Läufer sind Sanguiniker. Wir alle kennen das Modell der klassischen vier Temperamente. Der Melancholiker (der Trübsinnige) ist psychisch labil und introvertiert. Der Phlegmatiker (der Schwerfällige, Ruhige) ist psychisch stabil und introvertiert. Der Choleriker (der Aufbrausende, Unbeherrschte) ist psychisch labil und extrovertiert. Der Sanguiniker (der Lebens- und Genussfreudige) ist psychisch stabil und extravertiert. Die Befunde zahlreicher Laufforscher zeigen uns, dass Laufen und Joggen zu mehr Extraversion und weniger Neurotizismus  (= weniger psychischer Labilität) führt. Die untersuchten Läuferinnen und Läufer haben signifikant (also statistisch gegen Zufall gesichert) höhere Extraversions-Werte und niedrigere Neurotizismus-Werte. Dieses Ergebnis bedeutet, dass Läuferinnen und Läufer sich in ihrer Persönlichkeit tendenziell zu Sanguinikern verändern. Sie werden kontaktfreudiger und psychisch stabiler.

Läuferinnen und Läufer sind kontaktfreudiger. Die Gemeinschafts- und Gruppenorientierung zeigt sich in folgenden Stellungnahmen: „In der Gruppe fühle ich mich wohl“; „Die Stimmung in der Gruppe war gut“; Die Gruppe macht es einfacher zu laufen“; Das Laufen in der Gruppe macht grossen Spass“; „Je mehr Gespräche, desto leichter der Lauf.“ Läuferinnen und Läufer sind demnach kommunikativer, teamorientierter, sozialer, extravertierter und kontaktfreudiger.
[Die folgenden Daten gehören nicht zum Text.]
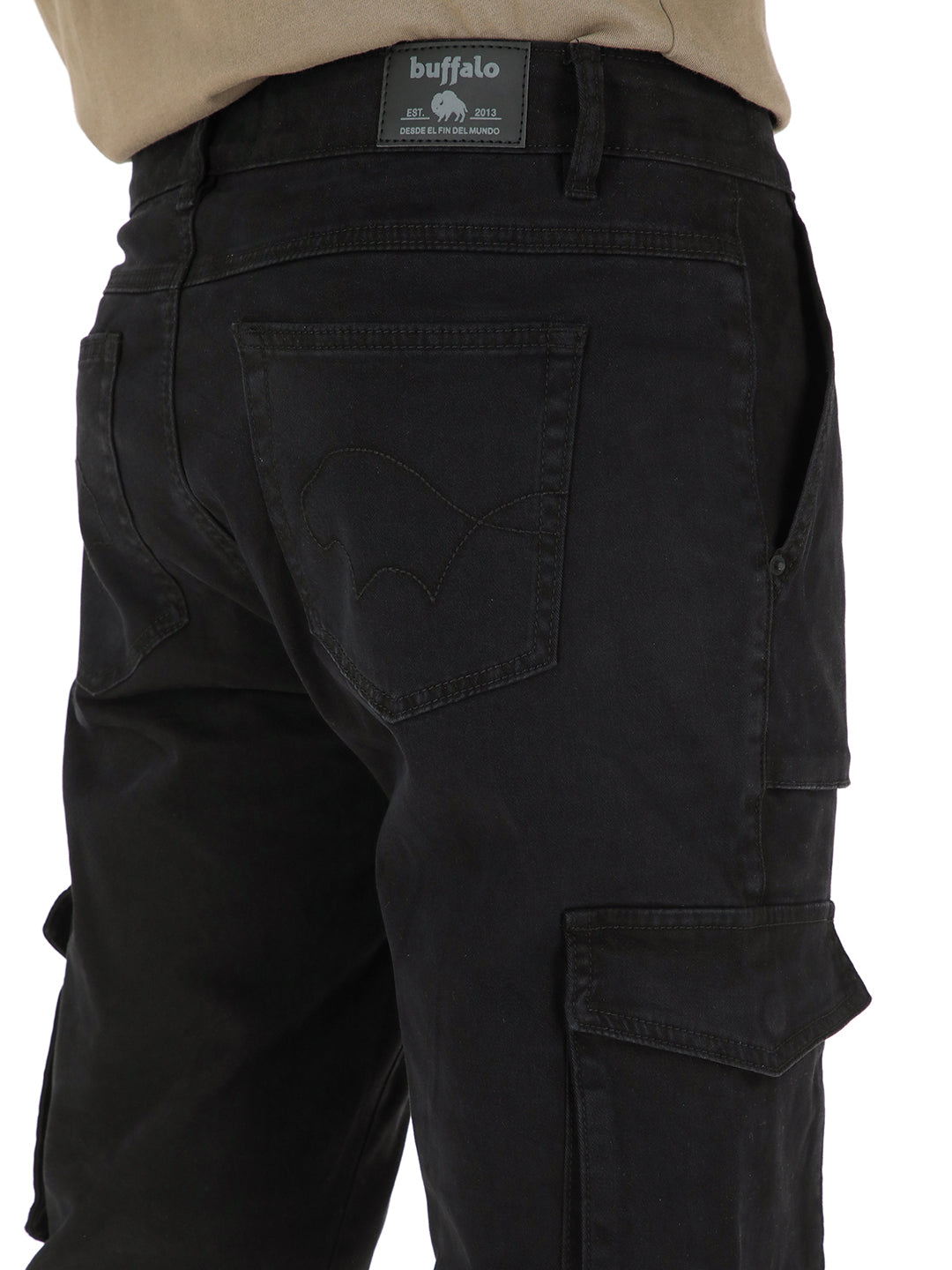 Pantalon Mujo Hombre - Negro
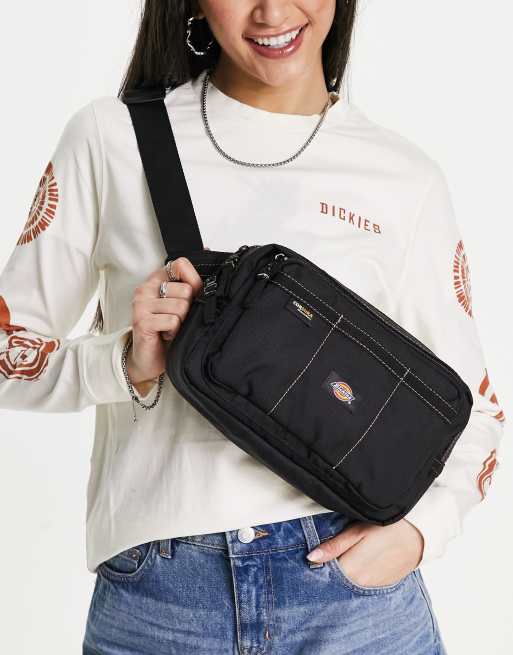 Dickies - Ashville - Borsa a tracolla nera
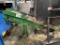 14inch X 7ft Cleated Belt Conveyor W/ Electric Drive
Läuferinnen und Läufer sind psychisch stabiler. Die ebenfalls nachgewiesene Abnahme bezüglich Neurotizismus schlägt sich nieder in typischen Formulierungen wie: „Bin weniger nervös“; „Innere Unruhe ist verschwunden“; „Bin ruhiger und gelassener“; „Ich fühle mich in unangenehmen, schwierigen Situationen stärker und bin ihnen eher gewachsen.“ Neurotizismus (abgeleitet von Neurose) ist eine der Hauptdimensionen von Persönlichkeit. Sie bezeichnet die emotionale Labilität eines Menschen. Der Begriff und das Konzept gehen auf den Psychologen Hans Jürgen Eysenck zurück.

Nicht die Schnellsten sind die Besten. Laufen bewirkt eine Abnahme des Neurotizismus. Laufen steigert also die emotionale Stabilität. Laufen macht psychisch stabiler. Laufen macht kontaktfreudiger. Es gibt allerdings Hinweise darauf, dass diese Sachverhalte nicht auch für ehrgeizige Läuferinnen und Läufer zutreffen. Es zeigt sich ein Persönlichkeitsunterschied zwischen einem ehrgeizigen Wettkampfläufer und einem Gesundheitsjogger. Nur wer regelmässig ohne verbissenen Ehrgeiz läuft oder joggt, wird psychisch stabiler und verändert seine Persönlichkeit tendenziell zum Sanguiniker hin. So gesehen, sind für einmal nicht die Schnellsten die Besten.